Xi Particles

The Xi particle (pronounced "ksee," from the Greek letter Ξ) is a baryon, that is, a particle composed of three quarks. It belongs to the family of strange particles because it contains two strange quarks (s).

It is also known as a cascade baryon, since in particle detectors it typically undergoes a sequence of successive decay processes rather than a single transition.

There are two main Xi particles:

$ \Xi^0 $, composed of the quarks (u, s, s), that is, one up quark (u) and two strange quarks (s)
$ \Xi^- $, composed of the quarks (d, s, s), that is, one down quark (d) and two strange quarks (s)

In both cases, the presence of two strange quarks is the defining feature that distinguishes Xi particles from protons and neutrons.

Electric charge

The two Xi particles carry the following electric charges:

$ \Xi^0 $ has electric charge 0
$ \Xi^- $ has electric charge -1

The total electric charge is obtained by summing the charges of the individual quarks.

$ q(u) = +2/3 $
$ q(d) = -1/3 $
$ q(s) = -1/3 $

For example, the particle $ \Xi^0 $ is composed of one up quark (u) and two strange quarks (s), so its total electric charge is zero.

$$ q( \Xi^0 ) = q(u)+q(s)+q(s) = \tfrac23 - \tfrac13 - \tfrac13 = \frac{2-1-1}{3} = \tfrac03 = 0 $$

The particle $ \Xi^- $ is composed of one down quark (d) and two strange quarks (s), so its total electric charge is minus one.

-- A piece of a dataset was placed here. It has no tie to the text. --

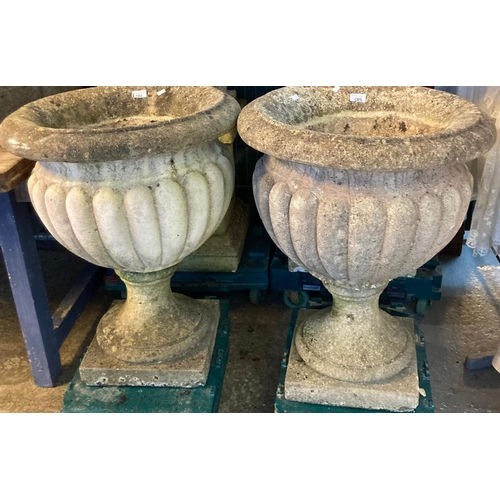 580 - Large pair of reconstituted stone fluted garden pedestal urns.  72cm high approx.  (2)   (B.P. 21% +...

$$ q( \Xi^- ) = q(d)+q(s)+q(s) = - \tfrac13 - \tfrac13 - \tfrac13 = \frac{-1-1-1}{3} = \frac{-3}{3} = -1 $$

Spin and classification

Xi particles fall into two families, in close analogy with the Sigma baryons:

Ordinary Xi (Ξ)
These particles have spin $ \frac{1}{2} $ and belong to the baryon octet. In this configuration, the quark spins are not all aligned (for example ↑↑↓). As a result, the total spin is one half. $$ \tfrac 12 + \tfrac 12 - \tfrac 12 = \tfrac 12 $$
Xi star (Ξ*)
These particles have spin $ \frac{3}{2} $ and belong to the baryon decuplet. The quarks are in an excited configuration, with all spins aligned (↑↑↑). Consequently, the total spin is three halves. $$ \tfrac 12 + \tfrac 12 + \tfrac 12 = \frac{1+1+1}{2} = \tfrac 32 $$

The Xi particles occupy a well defined position within the Eightfold Way classification scheme.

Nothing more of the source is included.